Running away to Colchester until the following day I watched the excellent new Lego Movie, which interestingly turns upon the main character, Emmet, falling down a sink hole where he begins his journey to become a hero, his perceptions are challenged, he transforms, and so the world transforms with him. It’s a brilliant film, you don’t have to have kids, I don’t and I still had a great time. If you ever had Lego as a kid, and who didn’t, you’ll enjoy to it even if it’s recognising the colours of the original bricks.
Leaving the film is was still early so we wandered around Colchester thinking about pubs and beer and soon headed for the excellent music venue The Bull. It you don’t know The Bull it’s a proper old fashioned live music venue with bands in the main pub and a second stage in The Soundhouse out the back. Colchester seems to have a thriving live music scene, something that Hemel Hempstead once had but that seems to have been killed after the changes in public entertainment regulations some years ago. The judgemental blue noses of Hemel have finished off the local music scene and left us with a soulless town with nothing going on other than bars that are little more than corporate run alcohol warehouses while Colchester is thriving and vibrant.
The main bar in The Bull was just a little too packed so we tried out the back. Walking into the Soundhouse we found the excellent cover band The Kicks playing a truly brilliant selection of mod, punk and rock. Their performance was tight and energetic with tracks mostly taken from the seventies and early eighties with a bit of leeway for the best tracks from decades either side. When they dropped in a couple of Blur tracks or other more recent material the fit was perfect. If anything the crowd didn’t seem to appreciate what they were listening too, as their response to The Kicks’ impassioned rendition of All or Nothing (Small Faces) was a bit lukewarm. But perhaps I’m older than I’m prepared to admit and the rest of the audience didn’t have the same association with the music. Talking to the band after, swapping stories of Steve Marriot (late lead singer of the Small Faces), I happened to mention that I’d come all the way from Hemel to see them and it seemed news of our local sink hole had reached Colchester.
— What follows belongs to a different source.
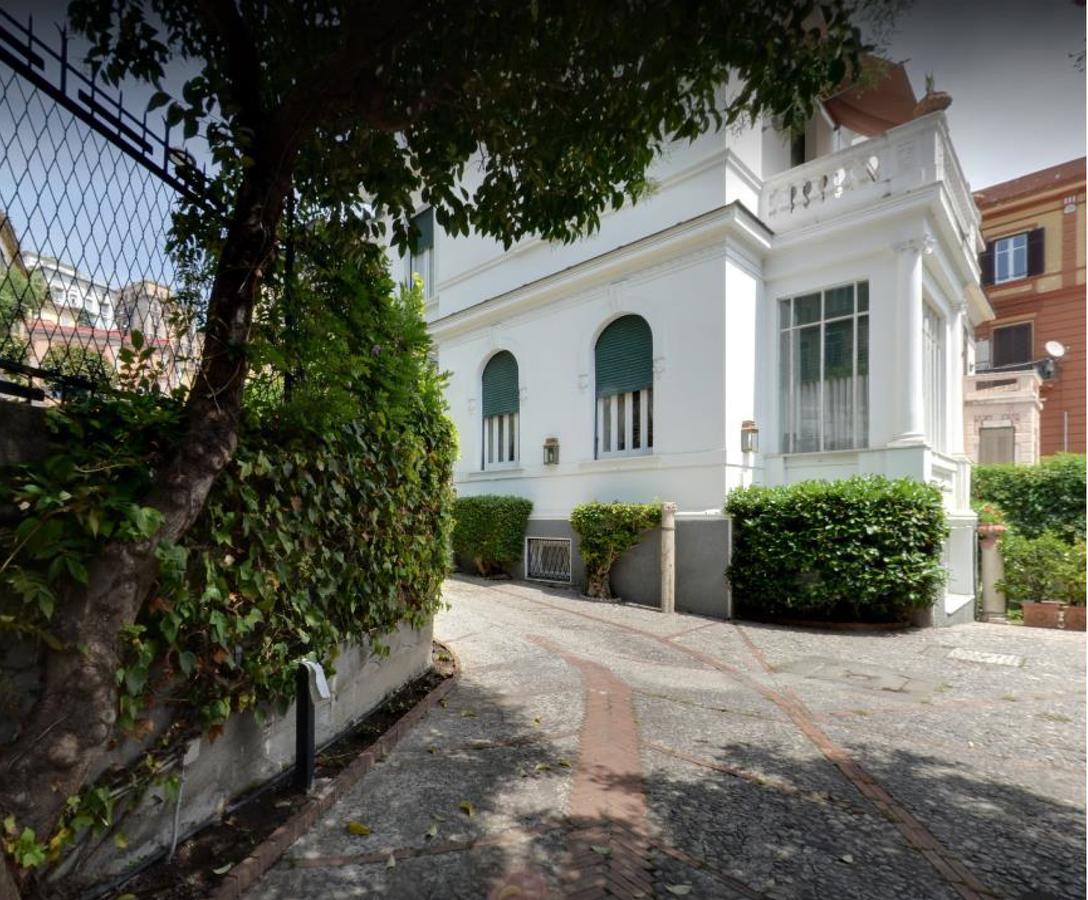 Casa Rubinacci *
Okay that wasn’t strictly true as I’d come over to see the film and generally have a night out, The Kicks were serendipity.
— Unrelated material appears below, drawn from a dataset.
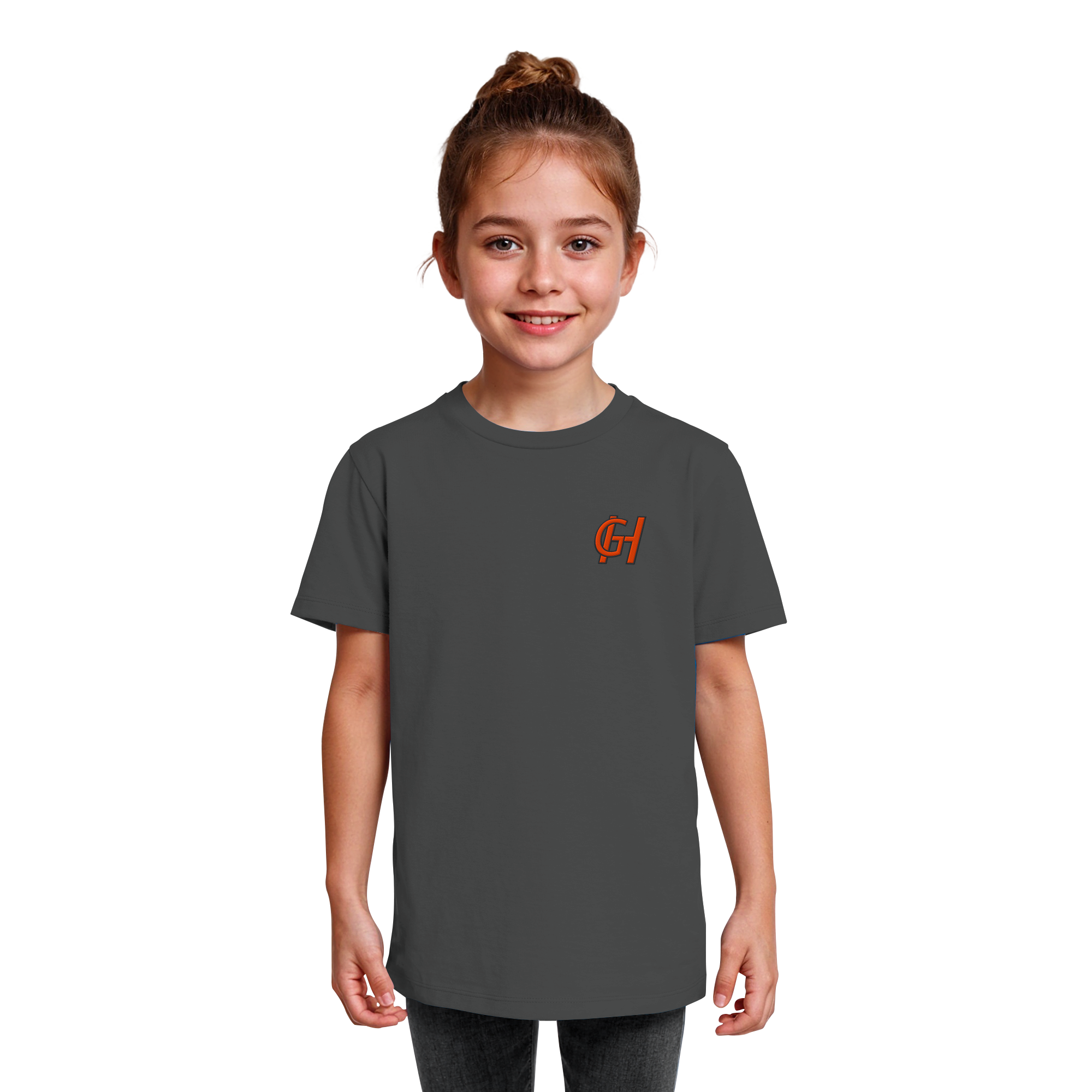 Kids Organic T-Shirt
Over night it had occurred to me that we used to talk of subsidence but these days we speak of sinkholes. Returning home on Sunday the house was still there, as were the police. The nice policeman sitting in the car playing with his iPhone (because he had little else to do) said that the engineers had explained that subsidence is the movement of land whereas sinkholes were already there. In this case nobody had been prepared to commit either way. I was particularly pleased, when I looked over towards the hole, to see another three policemen gingerly venturing towards the edge of the Hell Mouth to get a better view.
Indeed there was a hole, and the police were looking into it.